The North Korea's first orbital space launch vehicle. United States classified the SLV as a technology demonstrator for long-range ballistic missile technology and dubbed "Taepodong-1".
===Unha rocket family===

The Unha is a North Korea family of expendable carrier rockets. These rocket have a wider first stage, comparable to that of the Iranian Simorgh.
===Chollima-1===

Chollima-1 is a three-stage rocket, the first stage is utilizing same engine used on Hwasong-15 is based on the Hwasong-17 ICBM.
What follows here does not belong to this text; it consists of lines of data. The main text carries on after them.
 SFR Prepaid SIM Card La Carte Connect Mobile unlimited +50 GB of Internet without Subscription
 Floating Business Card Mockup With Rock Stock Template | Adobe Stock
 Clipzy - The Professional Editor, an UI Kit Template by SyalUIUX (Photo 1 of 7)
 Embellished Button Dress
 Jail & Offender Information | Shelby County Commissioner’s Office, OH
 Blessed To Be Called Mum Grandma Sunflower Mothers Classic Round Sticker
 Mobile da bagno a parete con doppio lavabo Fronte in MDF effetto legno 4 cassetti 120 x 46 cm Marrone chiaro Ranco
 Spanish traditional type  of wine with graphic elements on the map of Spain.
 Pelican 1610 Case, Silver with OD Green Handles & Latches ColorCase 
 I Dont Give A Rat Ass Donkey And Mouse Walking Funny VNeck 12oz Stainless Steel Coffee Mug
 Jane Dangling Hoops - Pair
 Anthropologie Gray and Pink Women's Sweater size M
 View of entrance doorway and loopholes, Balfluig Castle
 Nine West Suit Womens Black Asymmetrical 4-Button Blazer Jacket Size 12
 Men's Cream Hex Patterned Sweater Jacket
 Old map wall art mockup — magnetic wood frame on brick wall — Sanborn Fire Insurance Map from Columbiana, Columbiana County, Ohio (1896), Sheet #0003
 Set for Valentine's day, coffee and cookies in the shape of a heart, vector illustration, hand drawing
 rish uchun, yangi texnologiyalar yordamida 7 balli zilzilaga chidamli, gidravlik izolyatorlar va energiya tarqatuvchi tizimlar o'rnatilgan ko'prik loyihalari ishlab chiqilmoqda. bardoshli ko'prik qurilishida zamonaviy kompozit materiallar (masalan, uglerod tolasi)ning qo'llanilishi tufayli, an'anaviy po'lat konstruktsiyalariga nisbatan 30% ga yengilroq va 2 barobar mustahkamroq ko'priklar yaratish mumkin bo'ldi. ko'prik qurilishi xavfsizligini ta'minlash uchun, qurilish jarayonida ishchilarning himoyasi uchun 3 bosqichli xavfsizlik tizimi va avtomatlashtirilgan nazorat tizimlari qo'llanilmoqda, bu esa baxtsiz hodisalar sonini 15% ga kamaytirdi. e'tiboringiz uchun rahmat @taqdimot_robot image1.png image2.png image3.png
===Kerolox-propelled launch vehicle===
It is a new launch vehicle using liquid oxygen and petroleum (kerosene) propellants. North Korea refers to this rocket as "new-type satellite carrier rocket" without disclosing official name.

==Launch history==

Launch history
| Satellite | Launch date (UTC) | Rocket | Launch site | Status | Purpose |
|---|---|---|---|---|---|
| Kwangmyŏngsŏng-1 | 31 August 1998 | Paektusan | Tonghae Satellite Launching Ground | Success (North Korea) Failure (outside North Korea) | Technology experimental satellite |
|  | 4 July 2006 | Unha-1 |  | Failure | Rocket test (See 2006 North Korean missile test) |
| Kwangmyŏngsŏng-2 | 5 April 2009 | Unha-2 | Tonghae Satellite Launching Ground | Success (North Korea) Failure (outside North Korea) | Communications satellite |
| Kwangmyŏngsŏng-3 | 13 April 2012 | Unha-3 | Sohae Satellite Launching Station | Failure | Observation satellite |
| Kwangmyŏngsŏng-3 Unit 2 | 12 December 2012 | Unha-3 | Sohae Satellite Launching Station | Success | Observation satellite |
| Kwangmyŏngsŏng-4 | 7 February 2016 | Kwangmyŏngsŏng (Unha-3) | Sohae Satellite Launching Station | Success | Observation satellite |
| Malligyong-1 #1 | 30 May 2023 | Chollima-1 | Sohae Satellite Launching Station | Failure | Military reconnaissance satellite |
| Malligyong-1 #2 | 23 August 2023 | Chollima-1 | Sohae Satellite Launching Station | Failure | Military reconnaissance satellite |
| Malligyong-1 #3 | 21 November 2023 | Chollima-1 | Sohae Satellite Launching Station | Success | Military reconnaissance satellite |
| Malligyong-1-1 | 27 May 2024 | Unnamed (using kerolox propellant) | Sohae Satellite Launching Station | Failure | Military reconnaissance satellite |

==Deep space exploration program==
The future Unha-20 will be able to place 20 tons into low Earth orbit and can be used by North Korea for its deep space exploration program, to explore the Moon, Mars, and other destinations.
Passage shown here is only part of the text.